I have a very loose theory (layman's theory) on it. The theme of dark vs light has been part of our cultures for a long time. Virtually every holy book or ancient text has references to light vs dark or positive vs negative. What if doesn't actually mean good and evil, it references the dark and the light, the 2 key components of the universe. I know it can't be as simple as this, but you have a dimension of pure energy, and a dimension of darkness (call it the void or whatever you'd like). Every now and then the light expands into the dark. God is the dimension of light to which we are all connected.
This is where all the talk of duality comes from.
The yin and yang
god vs devil
the balance of karma
Set vs Ra
Perhaps it is all just in the very fabric of our beings because that is how this universe exists. It is like the light dimension blowing a bubble into the dark. Eventually the bubble will push it all back into the light dimension and a new one forms somewhere else. Black holes are caused by the stress of the border between them from stretching. This is why supernovas have the power to break through and create them. Once they are there, they act like relief valves.
I know it's all just a big guess, but I can't think of any other way to explain how this could happen without breaking laws of physics or accounting for the concept of time before time existed.
In philosophy it's one of the big questions: Why is there something rather than nothing? But the more I thought about it the more that bothered me, how is NOTHING even a possibility. It's just an assumption humans tend to make that nothing could even exist and yet the statement "(a) nothing exists" makes no sense. In my opinion the question itself is silly, it's one of the fundamental questions of philosophy that remains unanswered because the question itself is malformed.

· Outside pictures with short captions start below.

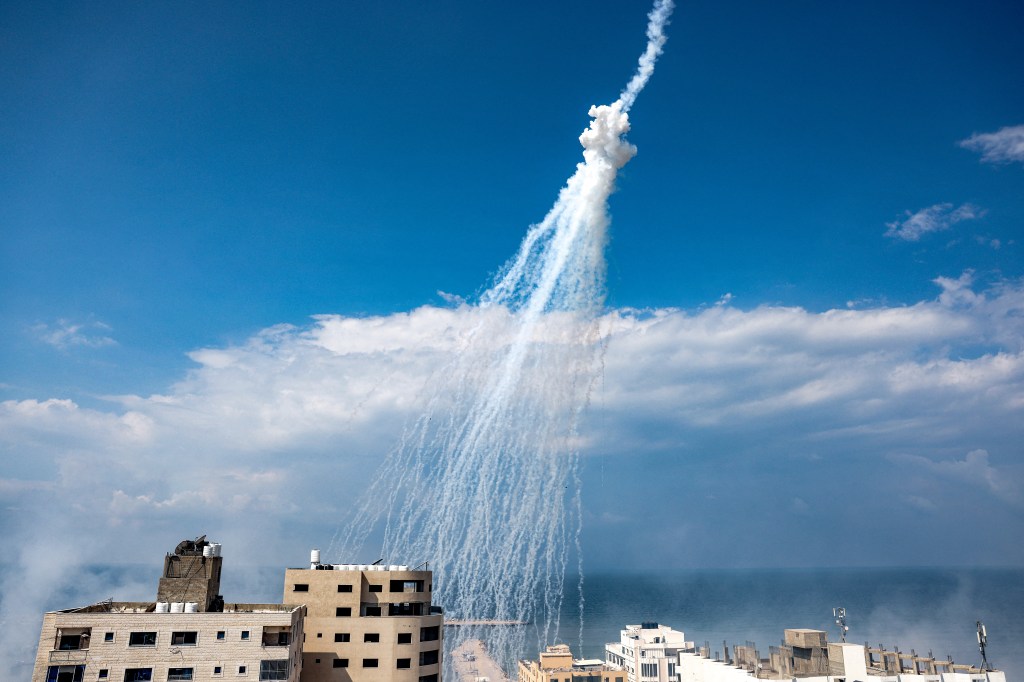Smoke from Israeli bombardment is pictured over the Gaza City seaport on October 11, 2023. Israel declared war on Hamas on October 8 following a shock land, air and sea assault by the Gaza-based Islamists. The death toll from the shock cross-border assault by Hamas militants rose to 1,200, making it the deadliest attack in the country's 75-year history, while Gaza officials reported more than 900 people killed as Israel pounded the territory with air strikes. (Photo by MOHAMMED ABED / AFP)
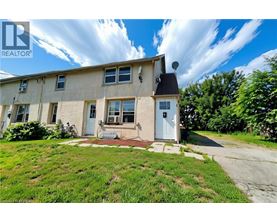 A house with a blue door and windows is for sale.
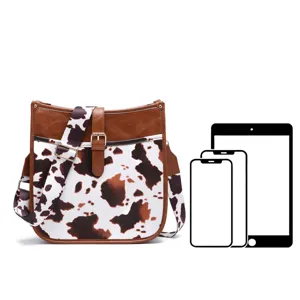 Vintage Western cow print crossbody bag shown with device icons to indicate size.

originally posted by: TzarChasm
a reply to: Titen-Sxull
In philosophy it's one of the big questions: Why is there something rather than nothing? But the more I thought about it the more that bothered me, how is NOTHING even a possibility. It's just an assumption humans tend to make that nothing could even exist and yet the statement "(a) nothing exists" makes no sense. In my opinion the question itself is silly, it's one of the fundamental questions of philosophy that remains unanswered because the question itself is malformed.
i was just in another thread about this very thing. it is impossible to have nothing because the concept of nothing requires something to compare it to. you cant have nothing without something, and that defeats it. so there was always something...unless theres an "outside"? outside the universe? but that would be pure guess work.
originally posted by: TzarChasm
it is impossible to have nothing because the concept of nothing requires something to compare it to. you cant have nothing without something, and that defeats it. so there was always something...unless theres an "outside"? outside the universe? but that would be pure guess work.
originally posted by: MotherMayEye
originally posted by: TzarChasm
it is impossible to have nothing because the concept of nothing requires something to compare it to. you cant have nothing without something, and that defeats it. so there was always something...unless theres an "outside"? outside the universe? but that would be pure guess work.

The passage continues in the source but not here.